Product Design Sprint
The Design Sprint is a step by step system for bringing a group of people together to solve big problems WITHOUT endless discussion. Withing 4 days, a team using Sprints can go from some vague ideas and challenges to a high fidelity prototype in their hands. This can save months of misalignment before jumping into the real design and development work.
What problems does it solve?
Especially products that are a combination of the digital and phisical world the product development often suffers from the following problems:
Focus and enthusiasm is lost in endless meetings and discussions.
Products are built on assumptions instead of user tested concepts.

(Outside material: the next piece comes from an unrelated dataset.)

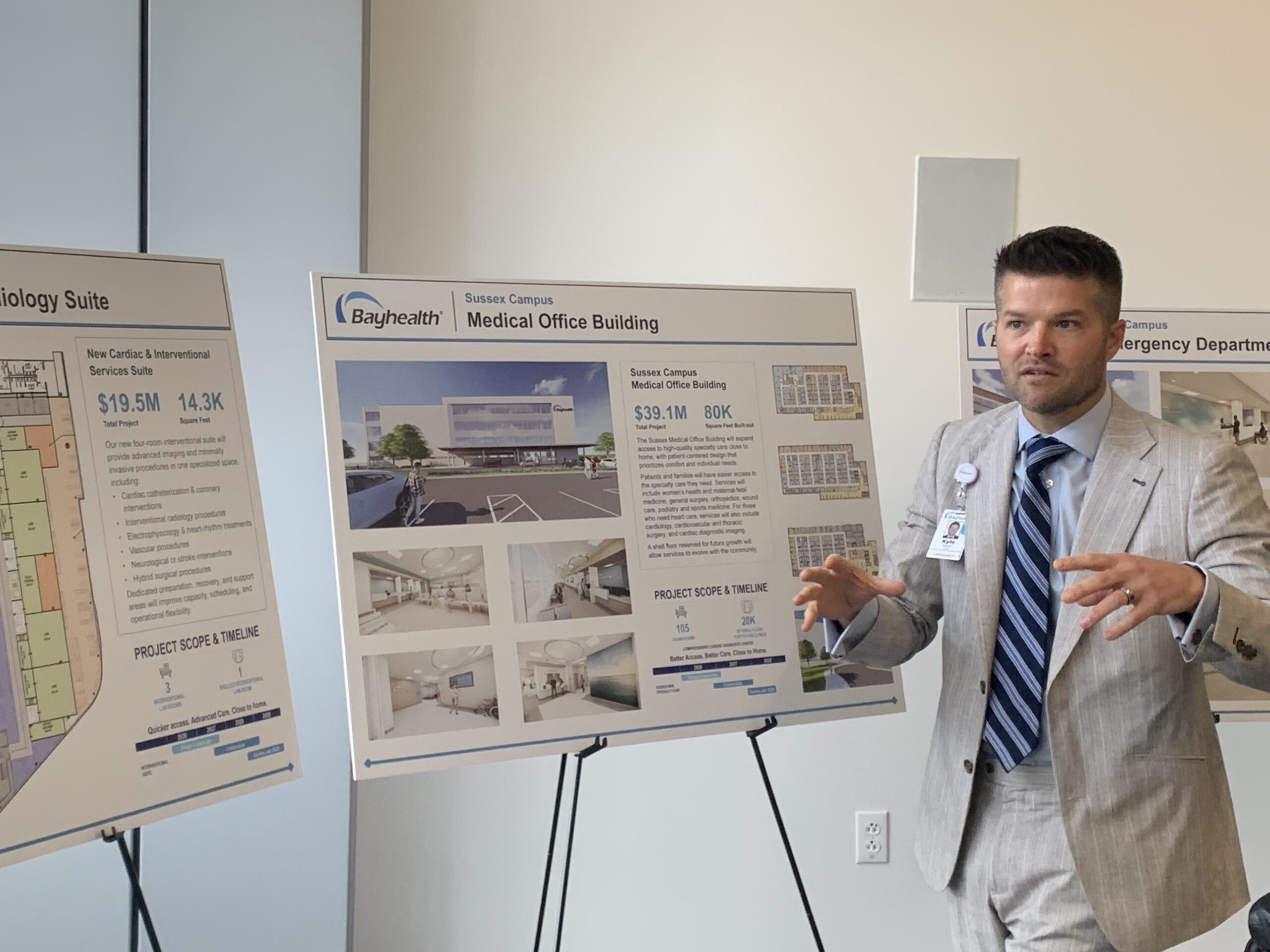 Kyle Benoit speaks with diagrams behind him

Lack of alignment between cross functional teams towards shared objectives.
Project scope changes repeatedly due to the absence of a clear goal.
What’s in it for you?
In four days you’ll have an prototype that is tested with real users. You’ll find out if your idea is worth developing and if your value proposition is really valid.
Enthusiasm and alignment of your team towards a shared goal.
Validated solution in a week.
Reduced risk when bringing products to market.
Less talk. More action. No more endless meetings and discussions.
How does the sprint solve this?
It’s like your personal timemachine: The sprint allows you and us to look into the future and see the finished product and customer reactions before building and launching it.
Monday & Tuesday “Workshop Time”
This is where we need you to sprint with us. On monday, we will define the challenges and produce a mass of possible solutions. Tuesday will be all about prioritizing solutions and creating a storyboard to prototype. This is the most exciting and intense fun you’ll ever have while working, promise!
This is where the absolute madness starts. Our prototypers will go underground, bring out their mojo and some frozen pizza. By the end of the day they will have an interactive prototype, ready to be tested.
Today we will test the prototype with real users to find out if the product is worth developing. This is where the rubber hits the road.